Making Impulsive Decisions
Too much haste can lead to more blunders. In the same manner, weak decisions in management can put an end to the CEO’s career. Some of these executives do not understand the actual organizational background or framework and culture which produced current situations. Others simply do not put in enough time to understand core issues behind a major predicament. These CEOs choose to rush and formulate a thoughtless conclusion.
It is not right for any CEO to believe that he or she is an excellent judge of career potentials and personality. An incompetent CEO makes appointments for reasons other than the employee being the most qualified candidate. This is not correct. This speaks of inadequate self-awareness. There will be many people telling the chief executive that he or she is a celebrity or a very good leader. The million-dollar question is are these persons telling the truth? Only the CEO will know this and make the right judgment.
Examples of CEOs from Fortune 500 Companies
There are many chief executive officers like Blackberry’s Thorstein Heins and Sear’s Eddie Lampert who have committed the most atrocious boo-boos. These range from covering up behavior to destroy stock values of their respective companies to coming up with dreadfully offensive statements that led to ridicule and in once instance, rejection of the company’s brand and products.

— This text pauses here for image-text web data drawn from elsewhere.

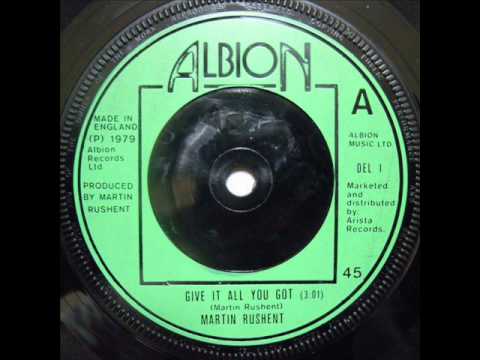 Martin Rushent - 1.Give It All You Got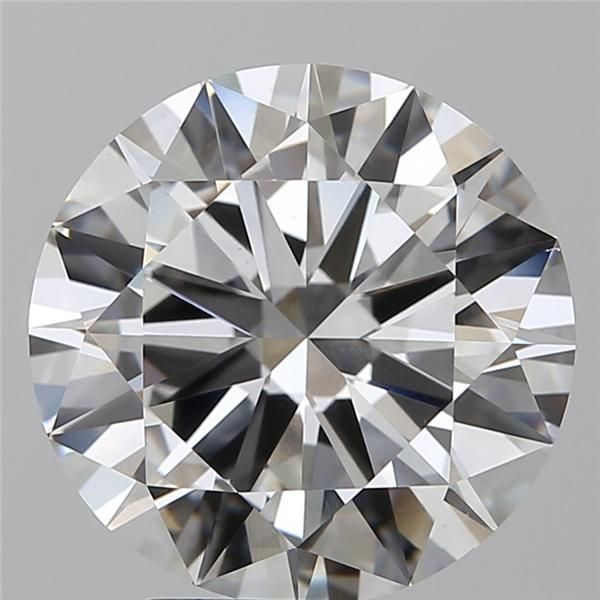 3.25ct Round E VS1 Lab-Grown Diamond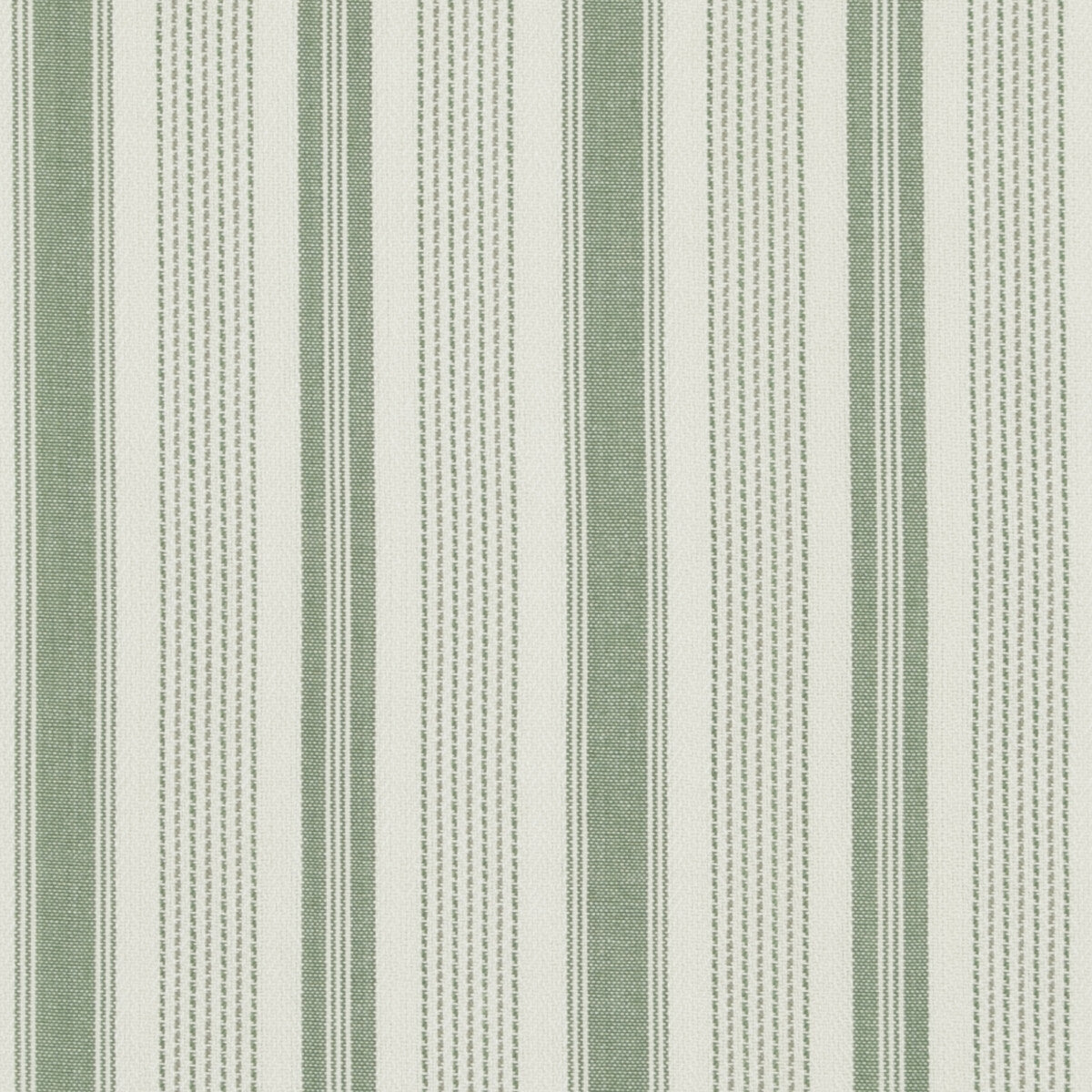 BAKER LIFESTYLE PF50507.5.0 PURBECK STRIPE GREEN Fabric - Eade's Wallpaper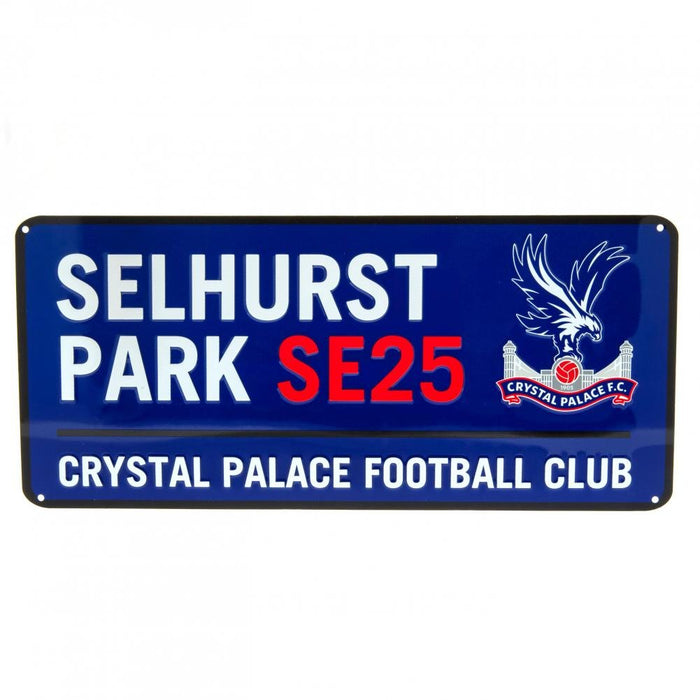 Crystal Palace FC Street Sign BL - Excellent Pick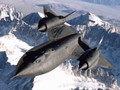 Máy bay trinh sát tầm xa SR-71 Blackbird của không quân Mỹ 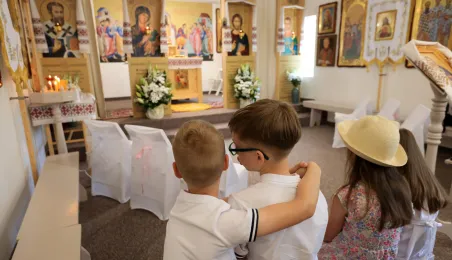  Msza i odpust w parafii greckokatolickiej pw. bł. księdza Jana Ziatyka w Toruniu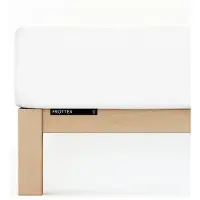 Schlafgut Badstof Hoeslaken M - 120x200 - 130x200 101 Full-White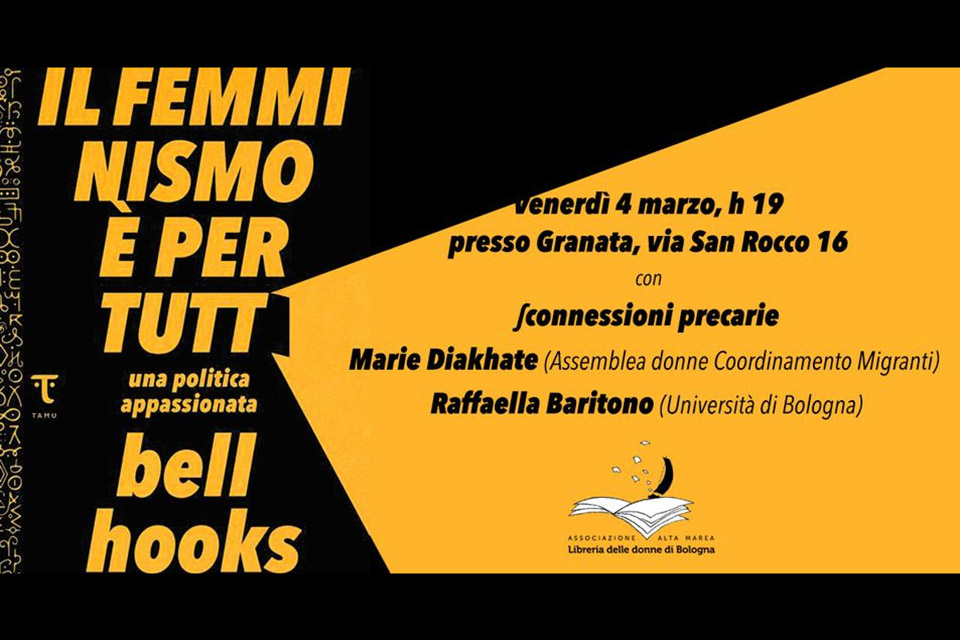 Il femminismo è per tutti, presentazione libro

Another infamous CEO is Ken Lay of ENRON (Natural Gas firm) which incurred $101 billion sales in 2000 as a result of various expansions and acquisitions. Lay was appointed CEO in 1986 and steered the corporation to its prestigious standing and success. He was so successful that the company was hailed by Fortune as the most innovative company of America for six consecutive years. Then, it was learned that ENRON concealed parts of its liabilities and removed them from the balance sheets. In short, majority of the corporation’s revenues and assets were manipulated. ENRON had no choice but to file for bankruptcy. Ken Lay was indicted and found guilty of fraud as well as other charges.
A fifth is John Sculley who fired Steve Jobs from Apple. He became CEO of this technology giant in 1983 from Pepsi Corporation. Sculley espoused expensive marketing campaigns but he lacked product management skills. He invested in many failed undertakings which included Apple’s Newton PDA and camera devices. This cost the man his job.